In other words, there were in my view legitimate reasons for Hur to decline prosecution. From what I know of the evidence — which certainly is not as much as he does — I would have made a different decision. I think it essential, first, that citizens of whatever rank be brought to account for intentionally undertaken serious wrongdoing and, second, that the public perceive this to be the case, lest the perception of a two-tiered justice system take even firmer hold than it has already. Yet it remains the flummoxing reality that reasonable minds can differ in making discretionary calls. That Mr. Hur made a call different from the one I would make, or perhaps most veteran prosecutors would make, does not, all the factors fairly considered, make it illegitimate. Brimming with heartburn, yes; illegitimate, no.
Bill,
I believe you should defer to my hours of legal study and experience.
1. Because “prosecutorial discretion” is so easily co-opted into political favoritism, it should be used very sparingly with political figures. “D’s” get the same treatment as “R’s.”
2. I’d use the same argument when it comes to the “political class” in general. I suspect 90% of the nation feels that, “If I did that, they’d lock me up and throw away the key.” It says that politicians get breaks we don’t.
3. “He’s a senile old man,” seems very weak. Sure, he is now, but he was in a better state during the years these documents were stolen. He might get off as the doddering old fool, but maybe not. There have been defendants much more deserving of compassion than him who have been convicted.
4. He was not “well meaning,” as the report claims. Biden knew 40 years ago with the Senate documents and then when he left the WH that he was not supposed to have them.
5. Giving back stolen bank money is not cause for “prosecutorial discretion.” If it comes into play at all, it’s at sentencing. By returning the documents, he merely returned the “stolen money.”
6. I still say not prosecuting the ghost writer is indicative of malfeasance. He destroyed evidence after learning of the investigation. It seems open/shut. If you prosecute him, he tells all. Thus, they protect Biden by protecting him.

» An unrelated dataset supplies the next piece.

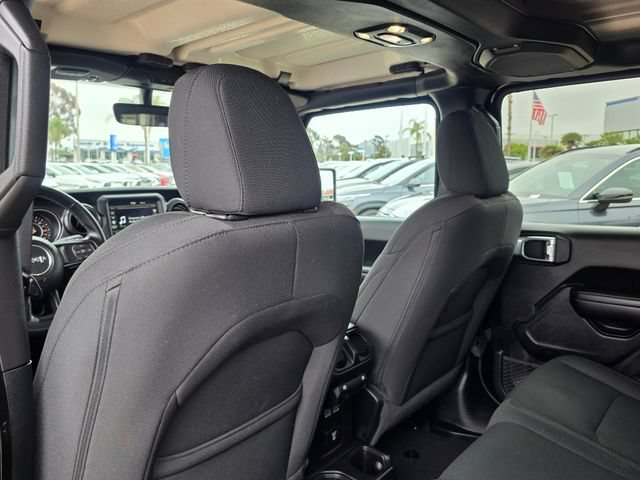 Used 2021 Jeep Gladiator Sport AWD/4WD image 16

I think in the whole sordid mess that is 21st century American politics, what bothers me the most is the ease with which Democratic politicians and pundits simply lie to the point that might almost be called gaslighting. Beyond those who lie and say Biden is "exonerated" as they did with Clinton, the now deafening lie that there is nothing wrong with Biden and no reason a doddering old man should not continue to serve as PRESIDENT OF THE UNITED STATES for the next five years. It's actually crazy as if they now have gone from wanting a messiah (Obama) to now feeling the presidency can be run perfectly fine by unelected unaccountable "aids". Between this and the insanity of Trump romping to denomination I fear we are really doomed this time.